Split a listings JSON file#
Utility to split a JSON file into shards such that no shard is too big or has too many keys. Here, “too big” are “too many keys” are parameterized; see command-line flags below.
Example Usage:
# Specify input and output paths, as well as byte and key limits.
INPUT_PATH="/tmp/input.json"
OUTPUT_PATH_PREFIX=/tmp/output"
MAX_BYTES_PER_SHARD=100000
MAX_KEYS_PER_SHARD=100
# Example Usage:
python split_listing_batch.py \
--input_path $INPUT_PATH \
--output_path_prefix $OUTPUT_PATH_PREFIX \
--max_keys_per_shard $MAX_KEYS_PER_SHARD \
--max_bytes_per_shard $MAX_BYTES_PER_SHARD
The output of this command will be a set of files in the ‘/tmp/’ directory where each filename is prefixed by “output_” followed by its index (e.g., “/tmp/output_0.json”).

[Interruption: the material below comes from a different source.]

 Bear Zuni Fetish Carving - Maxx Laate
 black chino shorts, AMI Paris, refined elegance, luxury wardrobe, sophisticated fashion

The JSON in each file will contain no more than the specified number of listings (the value passed to –max_keys_per_shard) and be no larger than the specified number of bytes (the value passed to –max_bytes_per_shard).

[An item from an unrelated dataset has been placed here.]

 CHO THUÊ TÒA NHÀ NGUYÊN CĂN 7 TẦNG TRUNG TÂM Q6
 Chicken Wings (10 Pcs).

- tonita.split_listing_batch.split_json(input_path=None, output_path_prefix=None, max_keys_per_shard=10, max_bytes_per_shard=100000)#
Truncate a batch of listings to a fixed maximum size.
- Parameters:
input_path (str) – The path to the input batch JSON file.

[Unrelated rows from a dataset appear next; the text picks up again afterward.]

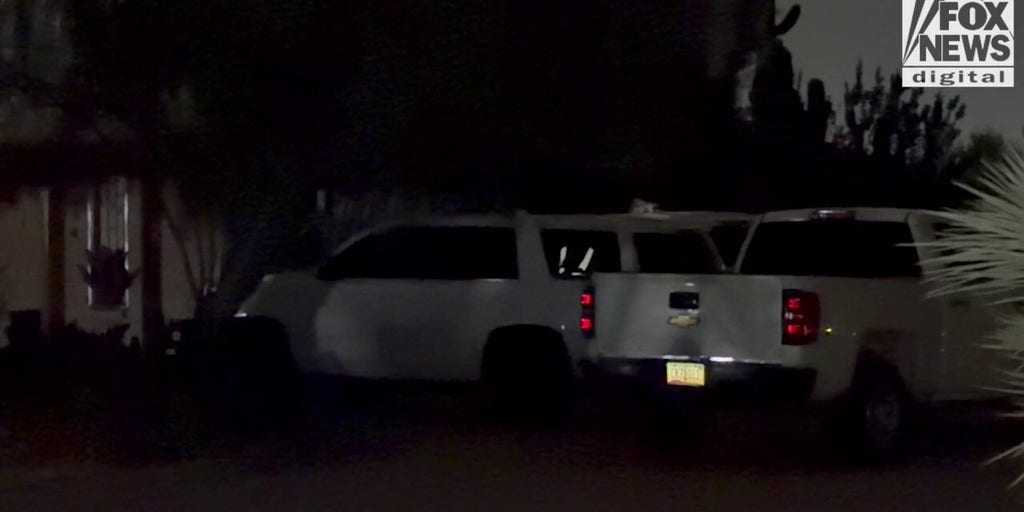 WATCH: Fox News Digital captures camera flashes inside Annie Guthrie's home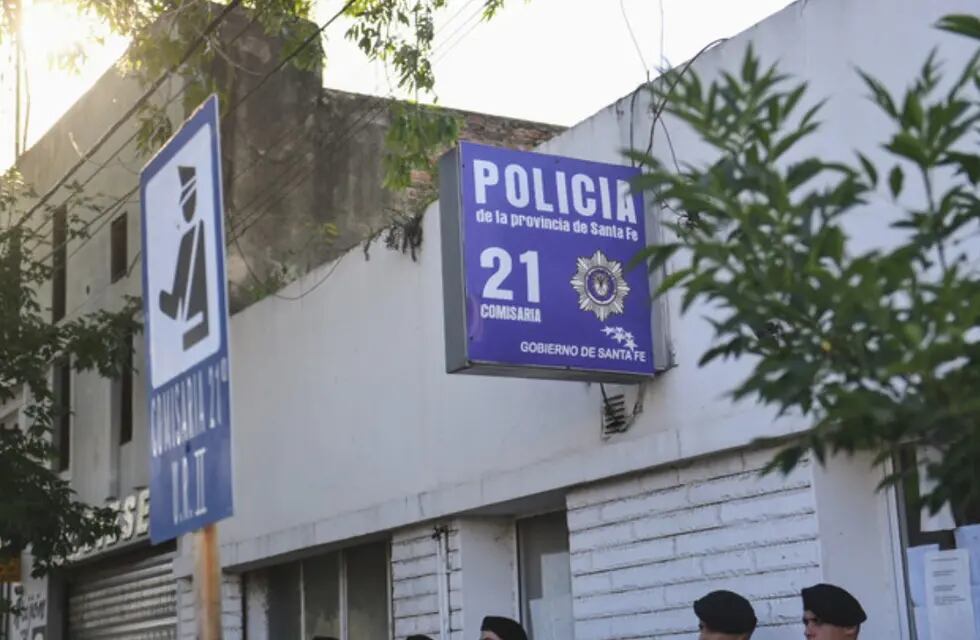 Recapturaron a dos de los 25 delincuentes que escaparon de una cárcel en Rosario. Restan atrapar a 11 reos.
Foto: Juan José García / Clarín.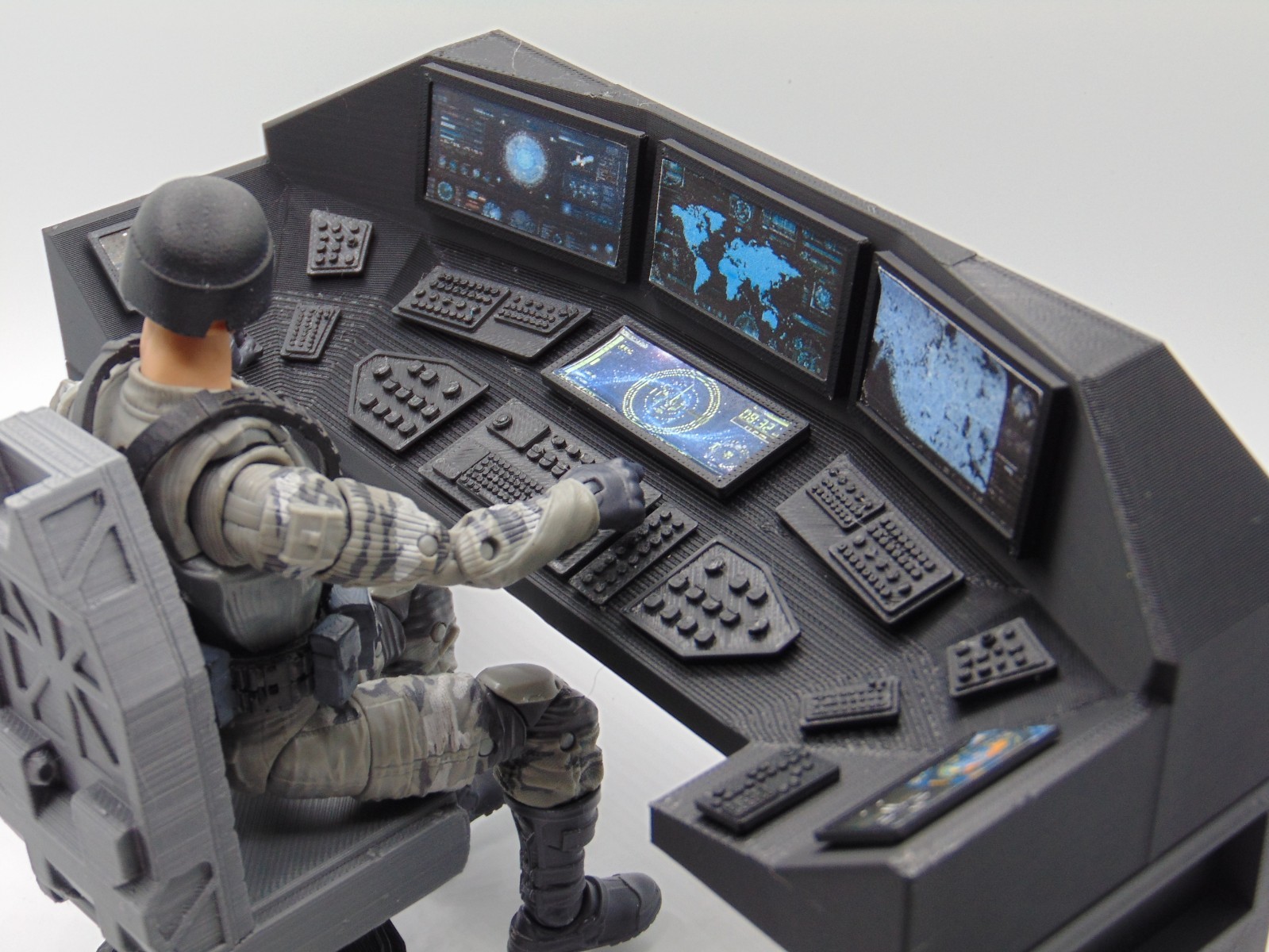 Custom 1:18 Computer Operator Control Station Set for eBay Buyer ID darthviard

output_path_prefix (str) – The prefix for output filenames. If the output files exist, they will be overwritten.
max_keys_per_shard (int) – The maximum number of listings per output file.
max_bytes_per_shard (int) – The maximum number of bytes per output file. Note that this is not guaranteed if there are key-value pairs whose size exceeds this argument.